Now to do this was easier than expected - They already had added zstd! Then removed it. Therefore, all I needed to do was just add it back in. This came with one main caveat: No resuming from bowls - i.e if the patchings interrupted, time to start all over.
This could be fixed (probably) in the future if it turns out to be needed though. Not important for now.
Butler also provides the option to specify the compression level (defaulting to 1), so I decided to test a few levels of Zstd, Gzip and brotli.
butler diff sizes | brot, l1 | brot, l8 | gz, l9 | zstd, l10 |
---|---|---|---|---|
of-small | 32M | 25M | 30M | 26M |
of-medium | 376M | 256M | 332M | 265M |
of-large | 1.15G | 887M | 1.02G | 910M |
butler diff times | brotli, l1 | brotli, l8 | gzip, l9 | zstd, l10 |
---|---|---|---|---|
of-small | 42s | 47s | 48s | 40s |
of-medium | 7m51s | 8m13s | 9m1s | 7m30s |
of-large | 8m35s | 10m20s | 10m51s | 8m16s |
As stated by one of my colleauges, diff time isn’t really a priority since our server time is less valuable than the end users, so if it reduces size at the cost of generation time going up modestly it’s worth it.

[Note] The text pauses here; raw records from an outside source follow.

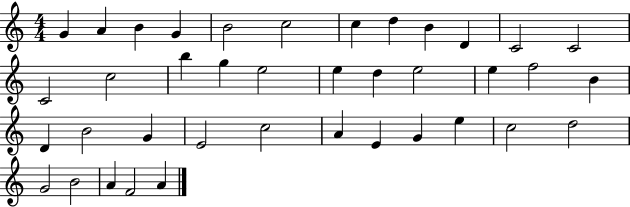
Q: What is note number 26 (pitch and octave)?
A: G4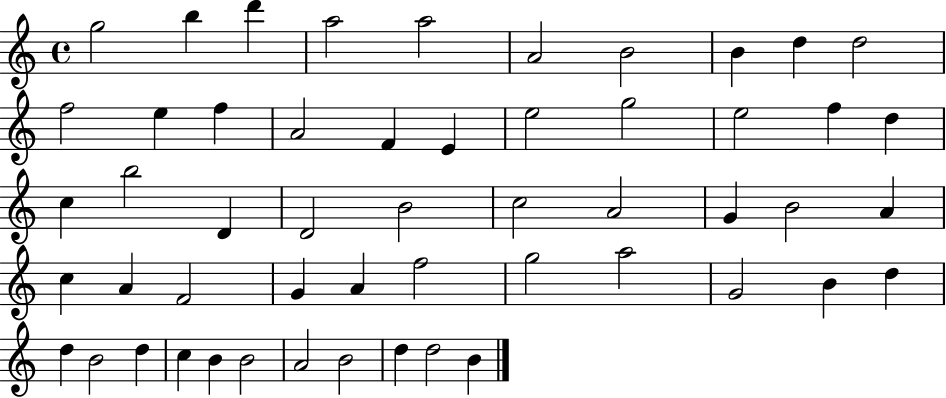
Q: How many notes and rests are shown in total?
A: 53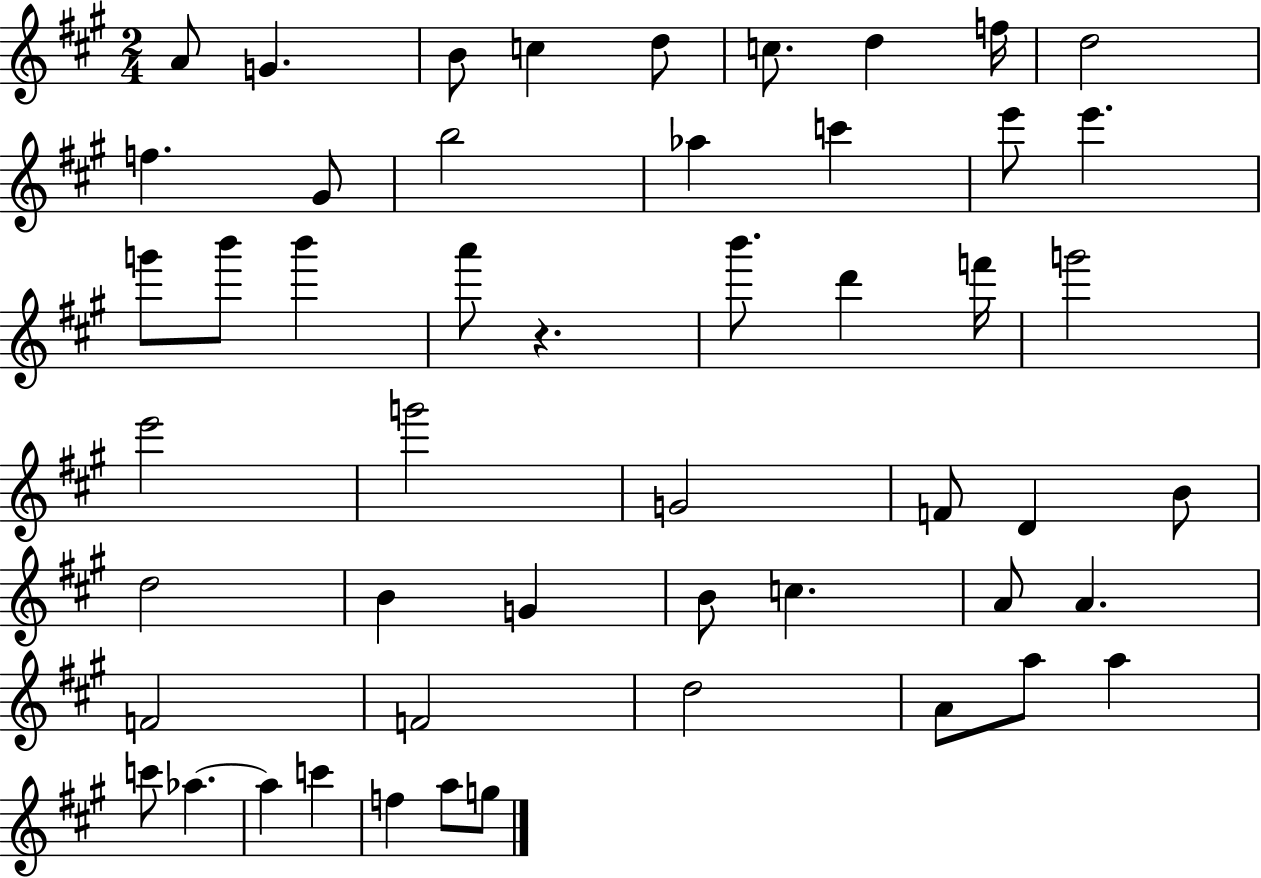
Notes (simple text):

A4/e G4/q. B4/e C5/q D5/e C5/e. D5/q F5/s D5/h F5/q. G#4/e B5/h Ab5/q C6/q E6/e E6/q. G6/e B6/e B6/q A6/e R/q. B6/e. D6/q F6/s G6/h E6/h G6/h G4/h F4/e D4/q B4/e D5/h B4/q G4/q B4/e C5/q. A4/e A4/q. F4/h F4/h D5/h A4/e A5/e A5/q C6/e Ab5/q. Ab5/q C6/q F5/q A5/e G5/e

The data shows that zstd can drive down the size by a good amount without massively driving up the generation time, but that brotli generally outperforms it at L8 - I also did some preliminary testing with higher brotli levels and found out that the generation time goes up way too much to be worth it, for us anyway.

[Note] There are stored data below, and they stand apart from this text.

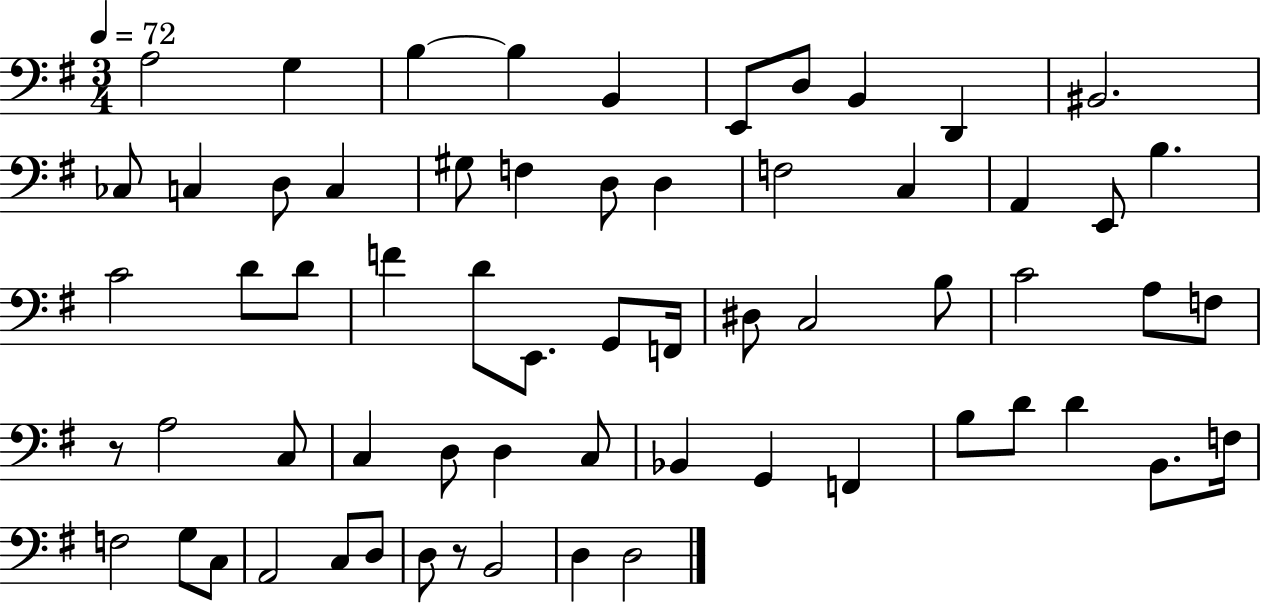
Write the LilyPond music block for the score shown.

{
  \clef bass
  \numericTimeSignature
  \time 3/4
  \key g \major
  \tempo 4 = 72
  a2 g4 | b4~~ b4 b,4 | e,8 d8 b,4 d,4 | bis,2. | \break ces8 c4 d8 c4 | gis8 f4 d8 d4 | f2 c4 | a,4 e,8 b4. | \break c'2 d'8 d'8 | f'4 d'8 e,8. g,8 f,16 | dis8 c2 b8 | c'2 a8 f8 | \break r8 a2 c8 | c4 d8 d4 c8 | bes,4 g,4 f,4 | b8 d'8 d'4 b,8. f16 | \break f2 g8 c8 | a,2 c8 d8 | d8 r8 b,2 | d4 d2 | \break \bar "|."
}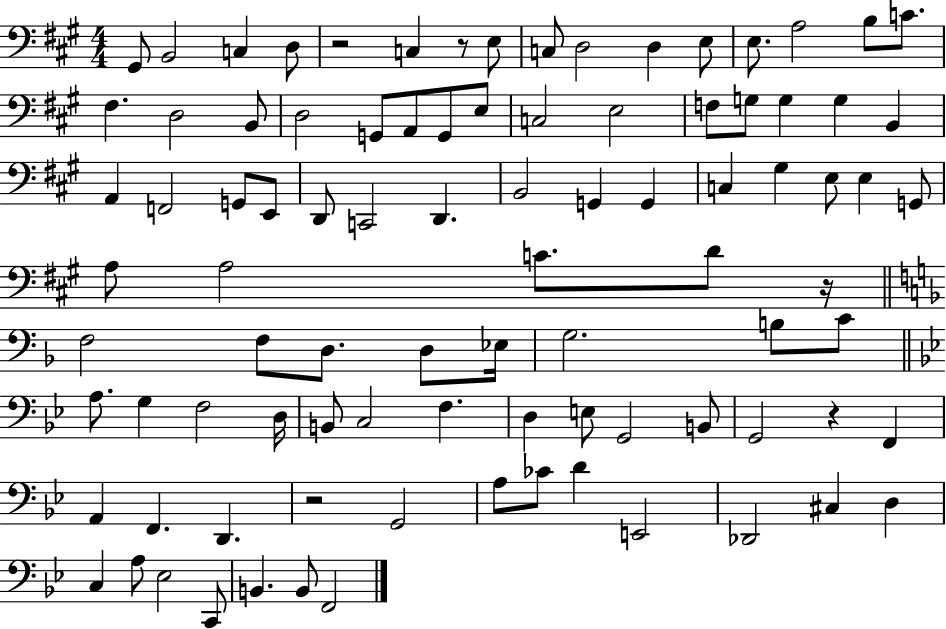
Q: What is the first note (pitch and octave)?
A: G#2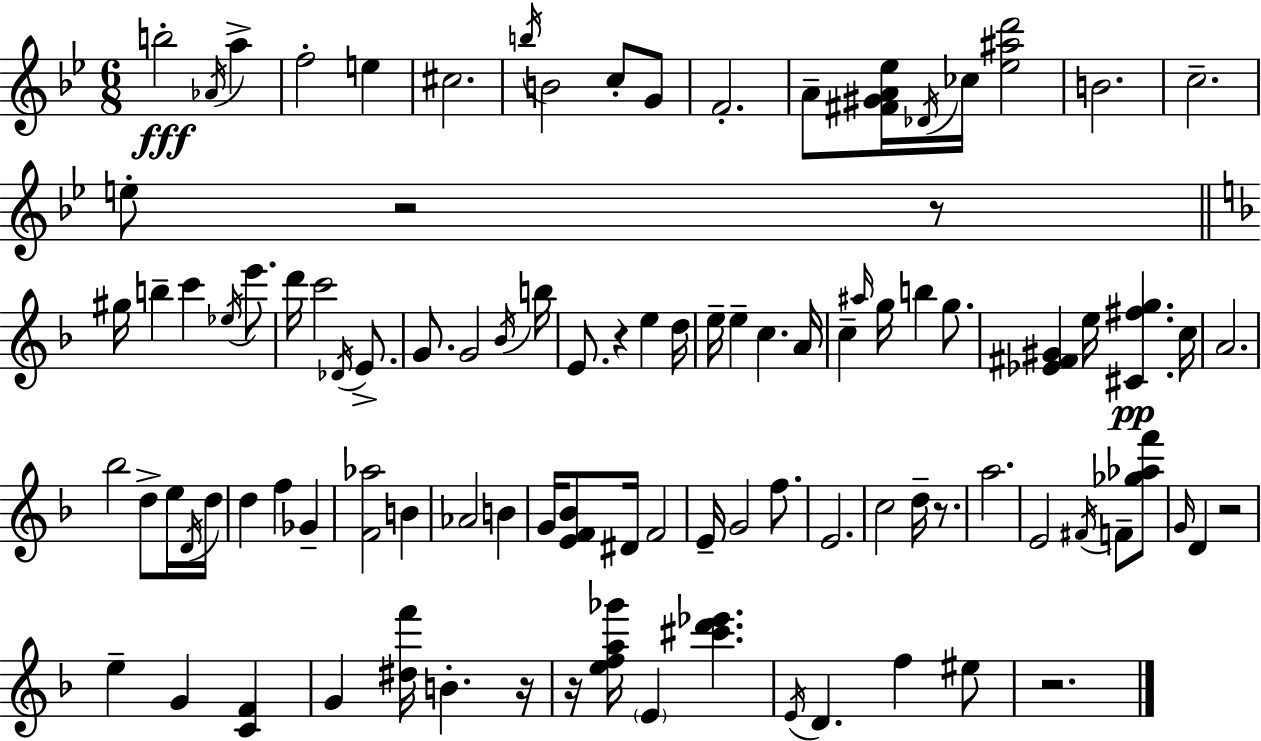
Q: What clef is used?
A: treble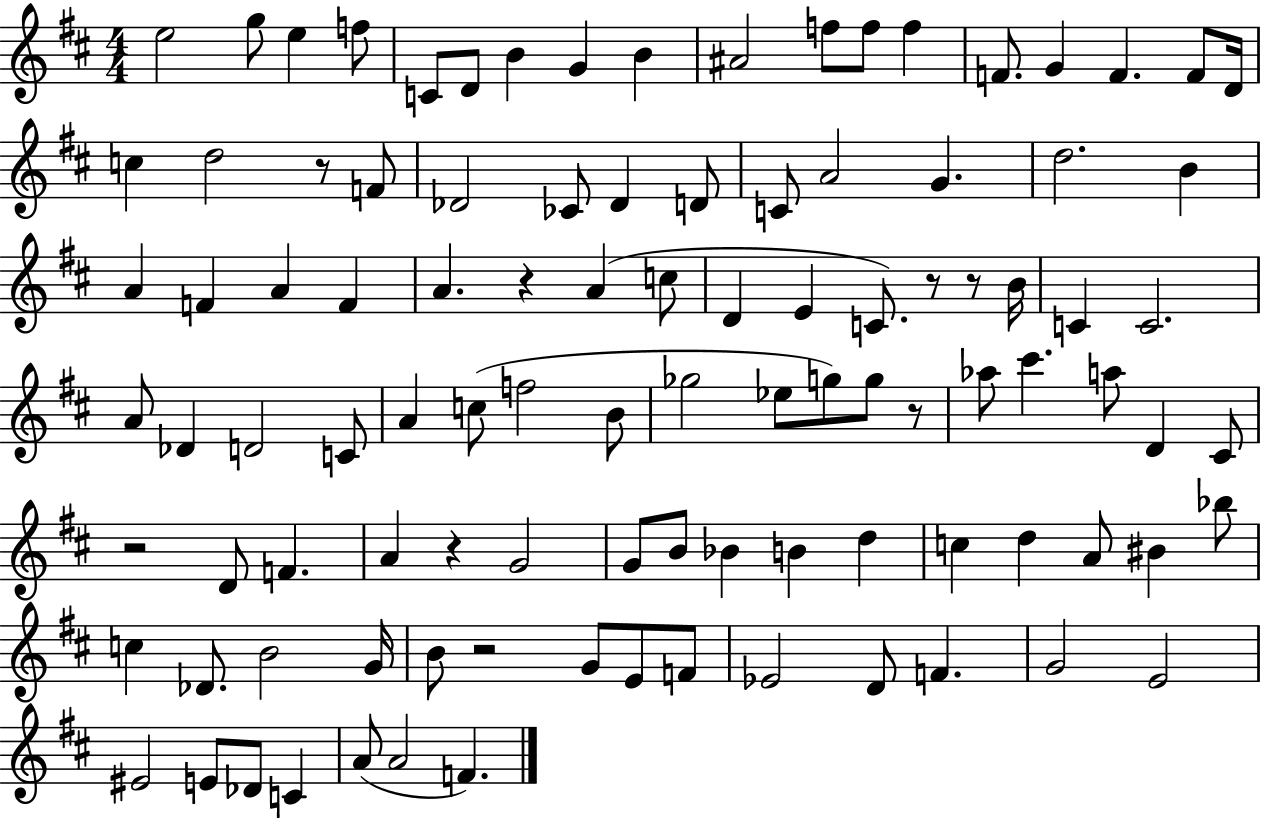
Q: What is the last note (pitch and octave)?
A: F4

This is all quite important, however there’s one important thing that’s missing here - decompression speed!
butler apply times | brotli | zstd |
---|---|---|
of-small | 2s | 2s |
of-medium | 11s | 3s |
of-large | 26s | 5s |
tf2c-small | 37s | 34s |
tf2c-large | 37s | 24s |
Now that’s a lot better - substantial improvements with zstd when it comes to those larger patch sizes, for OF especially. As a result, we decided to go with zstd with a higher level than tested (L14, as this provides something close to brotli l8 with the zstd decompression advantage).
That’s compression sorted - what’s next? Well butler has a very nice option to output a CPU profile for purposes such as this - so I did just that.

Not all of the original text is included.